Below is a listing. Quote from it, exactly, the lines from the one containing "VEVOR Ponceuse Girafe" down to the one containing "Automatic Liquid Soap", both ends included, and nothing else.

########

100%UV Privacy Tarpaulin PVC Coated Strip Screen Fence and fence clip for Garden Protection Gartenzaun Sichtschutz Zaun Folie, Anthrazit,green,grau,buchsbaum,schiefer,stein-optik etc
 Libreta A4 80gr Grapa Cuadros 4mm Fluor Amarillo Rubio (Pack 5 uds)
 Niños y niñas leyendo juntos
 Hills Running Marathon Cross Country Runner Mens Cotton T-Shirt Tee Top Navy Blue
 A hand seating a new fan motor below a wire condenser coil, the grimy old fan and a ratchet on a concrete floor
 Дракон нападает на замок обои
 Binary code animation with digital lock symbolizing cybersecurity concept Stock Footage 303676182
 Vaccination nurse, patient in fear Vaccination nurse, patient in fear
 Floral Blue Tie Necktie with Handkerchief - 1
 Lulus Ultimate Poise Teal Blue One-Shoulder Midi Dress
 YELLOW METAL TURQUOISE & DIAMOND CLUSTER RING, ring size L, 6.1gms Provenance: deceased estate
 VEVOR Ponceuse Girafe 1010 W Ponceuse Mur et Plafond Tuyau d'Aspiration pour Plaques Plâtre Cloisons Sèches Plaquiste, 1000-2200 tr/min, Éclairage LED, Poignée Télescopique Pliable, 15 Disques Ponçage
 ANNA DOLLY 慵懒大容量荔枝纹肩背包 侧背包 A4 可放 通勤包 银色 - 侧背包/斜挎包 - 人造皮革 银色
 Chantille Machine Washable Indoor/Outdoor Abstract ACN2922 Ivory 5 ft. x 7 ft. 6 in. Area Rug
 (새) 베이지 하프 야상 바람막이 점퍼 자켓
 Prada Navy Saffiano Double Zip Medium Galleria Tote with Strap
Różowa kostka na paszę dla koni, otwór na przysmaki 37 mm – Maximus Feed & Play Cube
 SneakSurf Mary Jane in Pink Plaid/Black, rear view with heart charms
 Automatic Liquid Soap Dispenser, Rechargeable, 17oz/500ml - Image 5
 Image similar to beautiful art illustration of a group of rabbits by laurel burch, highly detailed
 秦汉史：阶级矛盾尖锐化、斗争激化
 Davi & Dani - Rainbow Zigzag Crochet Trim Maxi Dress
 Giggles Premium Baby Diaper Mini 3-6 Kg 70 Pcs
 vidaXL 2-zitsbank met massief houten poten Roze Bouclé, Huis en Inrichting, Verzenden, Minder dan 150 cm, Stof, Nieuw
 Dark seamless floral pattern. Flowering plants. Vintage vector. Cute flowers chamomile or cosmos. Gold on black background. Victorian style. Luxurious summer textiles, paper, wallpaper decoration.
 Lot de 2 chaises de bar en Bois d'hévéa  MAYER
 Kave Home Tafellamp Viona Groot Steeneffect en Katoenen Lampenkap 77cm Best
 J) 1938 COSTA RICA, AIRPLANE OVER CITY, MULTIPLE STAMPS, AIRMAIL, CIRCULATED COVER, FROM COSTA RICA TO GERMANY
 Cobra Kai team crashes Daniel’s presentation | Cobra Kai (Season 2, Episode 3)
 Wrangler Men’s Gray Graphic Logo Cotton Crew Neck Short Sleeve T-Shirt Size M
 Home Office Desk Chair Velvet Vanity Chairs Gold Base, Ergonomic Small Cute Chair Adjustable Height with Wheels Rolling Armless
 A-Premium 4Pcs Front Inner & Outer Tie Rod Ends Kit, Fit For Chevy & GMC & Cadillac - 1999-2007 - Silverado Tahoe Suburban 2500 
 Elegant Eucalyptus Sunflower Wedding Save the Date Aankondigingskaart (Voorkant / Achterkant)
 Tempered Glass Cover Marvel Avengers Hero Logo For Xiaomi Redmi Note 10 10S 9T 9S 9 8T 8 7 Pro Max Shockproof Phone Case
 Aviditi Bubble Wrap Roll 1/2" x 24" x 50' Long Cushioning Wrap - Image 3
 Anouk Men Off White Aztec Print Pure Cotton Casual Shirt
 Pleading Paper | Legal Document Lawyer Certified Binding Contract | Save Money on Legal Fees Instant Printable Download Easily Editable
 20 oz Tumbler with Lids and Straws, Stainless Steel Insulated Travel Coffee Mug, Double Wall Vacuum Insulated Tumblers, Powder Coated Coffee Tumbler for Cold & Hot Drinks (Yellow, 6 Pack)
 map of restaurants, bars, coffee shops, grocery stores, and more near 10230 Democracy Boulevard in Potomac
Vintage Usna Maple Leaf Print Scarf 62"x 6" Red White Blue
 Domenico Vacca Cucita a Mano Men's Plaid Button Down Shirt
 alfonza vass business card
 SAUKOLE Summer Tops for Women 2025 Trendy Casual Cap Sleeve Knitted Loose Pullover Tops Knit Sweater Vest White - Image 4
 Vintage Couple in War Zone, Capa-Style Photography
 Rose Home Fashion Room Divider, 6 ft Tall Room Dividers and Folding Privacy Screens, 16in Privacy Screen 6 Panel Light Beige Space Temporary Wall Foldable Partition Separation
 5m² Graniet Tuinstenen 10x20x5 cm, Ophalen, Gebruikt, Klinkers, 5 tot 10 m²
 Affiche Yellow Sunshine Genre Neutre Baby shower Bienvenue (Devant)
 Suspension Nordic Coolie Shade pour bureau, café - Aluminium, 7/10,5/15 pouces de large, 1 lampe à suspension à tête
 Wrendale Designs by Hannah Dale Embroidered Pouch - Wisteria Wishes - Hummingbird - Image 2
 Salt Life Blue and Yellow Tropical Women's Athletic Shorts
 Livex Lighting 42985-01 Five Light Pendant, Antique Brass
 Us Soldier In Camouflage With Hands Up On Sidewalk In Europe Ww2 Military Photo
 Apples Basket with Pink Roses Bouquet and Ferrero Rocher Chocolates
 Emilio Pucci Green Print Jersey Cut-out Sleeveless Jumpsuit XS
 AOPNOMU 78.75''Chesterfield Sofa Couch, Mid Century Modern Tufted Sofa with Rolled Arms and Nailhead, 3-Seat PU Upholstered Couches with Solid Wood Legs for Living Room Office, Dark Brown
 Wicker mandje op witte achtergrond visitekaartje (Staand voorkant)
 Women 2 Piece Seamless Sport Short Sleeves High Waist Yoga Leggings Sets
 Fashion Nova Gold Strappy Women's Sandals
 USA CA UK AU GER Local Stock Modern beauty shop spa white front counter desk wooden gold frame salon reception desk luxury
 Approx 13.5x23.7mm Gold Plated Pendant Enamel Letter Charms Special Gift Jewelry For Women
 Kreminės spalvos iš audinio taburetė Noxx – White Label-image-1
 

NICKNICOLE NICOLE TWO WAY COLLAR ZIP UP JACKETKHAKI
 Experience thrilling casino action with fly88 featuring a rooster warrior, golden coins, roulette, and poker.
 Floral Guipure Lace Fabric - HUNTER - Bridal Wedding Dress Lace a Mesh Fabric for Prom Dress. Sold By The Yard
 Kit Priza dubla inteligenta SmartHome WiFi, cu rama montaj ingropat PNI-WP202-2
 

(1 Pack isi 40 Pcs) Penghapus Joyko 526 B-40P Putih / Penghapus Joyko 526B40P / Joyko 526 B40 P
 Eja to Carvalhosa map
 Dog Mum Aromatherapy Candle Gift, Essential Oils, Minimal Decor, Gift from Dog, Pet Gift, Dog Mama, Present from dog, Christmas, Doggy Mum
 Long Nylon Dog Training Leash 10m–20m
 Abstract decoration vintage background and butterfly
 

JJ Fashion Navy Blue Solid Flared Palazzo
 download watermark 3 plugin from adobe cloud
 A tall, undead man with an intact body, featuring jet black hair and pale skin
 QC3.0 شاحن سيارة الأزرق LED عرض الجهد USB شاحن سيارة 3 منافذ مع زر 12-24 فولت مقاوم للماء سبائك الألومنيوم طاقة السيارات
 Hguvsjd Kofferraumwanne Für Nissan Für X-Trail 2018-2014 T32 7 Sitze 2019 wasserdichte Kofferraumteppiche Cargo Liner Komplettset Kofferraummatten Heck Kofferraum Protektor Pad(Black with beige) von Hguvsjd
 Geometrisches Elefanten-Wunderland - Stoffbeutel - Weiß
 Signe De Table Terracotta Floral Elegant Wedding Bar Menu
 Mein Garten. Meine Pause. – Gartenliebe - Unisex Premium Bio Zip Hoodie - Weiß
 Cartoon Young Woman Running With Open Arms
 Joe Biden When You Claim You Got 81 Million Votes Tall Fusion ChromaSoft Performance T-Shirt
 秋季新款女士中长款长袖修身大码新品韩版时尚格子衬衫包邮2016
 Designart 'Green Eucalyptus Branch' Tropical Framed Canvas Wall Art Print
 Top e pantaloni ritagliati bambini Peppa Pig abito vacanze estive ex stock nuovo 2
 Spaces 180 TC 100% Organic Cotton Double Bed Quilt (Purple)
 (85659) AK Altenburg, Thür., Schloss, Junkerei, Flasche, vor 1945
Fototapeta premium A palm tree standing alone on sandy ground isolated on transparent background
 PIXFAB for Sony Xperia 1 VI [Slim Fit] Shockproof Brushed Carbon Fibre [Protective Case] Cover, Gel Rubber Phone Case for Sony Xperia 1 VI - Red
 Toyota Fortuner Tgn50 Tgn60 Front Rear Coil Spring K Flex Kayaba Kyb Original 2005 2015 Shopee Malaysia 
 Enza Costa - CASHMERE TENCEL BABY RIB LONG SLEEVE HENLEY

########

- Task answer:
 VEVOR Ponceuse Girafe 1010 W Ponceuse Mur et Plafond Tuyau d'Aspiration pour Plaques Plâtre Cloisons Sèches Plaquiste, 1000-2200 tr/min, Éclairage LED, Poignée Télescopique Pliable, 15 Disques Ponçage
 ANNA DOLLY 慵懒大容量荔枝纹肩背包 侧背包 A4 可放 通勤包 银色 - 侧背包/斜挎包 - 人造皮革 银色
 Chantille Machine Washable Indoor/Outdoor Abstract ACN2922 Ivory 5 ft. x 7 ft. 6 in. Area Rug
 (새) 베이지 하프 야상 바람막이 점퍼 자켓
 Prada Navy Saffiano Double Zip Medium Galleria Tote with Strap
Różowa kostka na paszę dla koni, otwór na przysmaki 37 mm – Maximus Feed & Play Cube
 SneakSurf Mary Jane in Pink Plaid/Black, rear view with heart charms
 Automatic Liquid Soap Dispenser, Rechargeable, 17oz/500ml - Image 5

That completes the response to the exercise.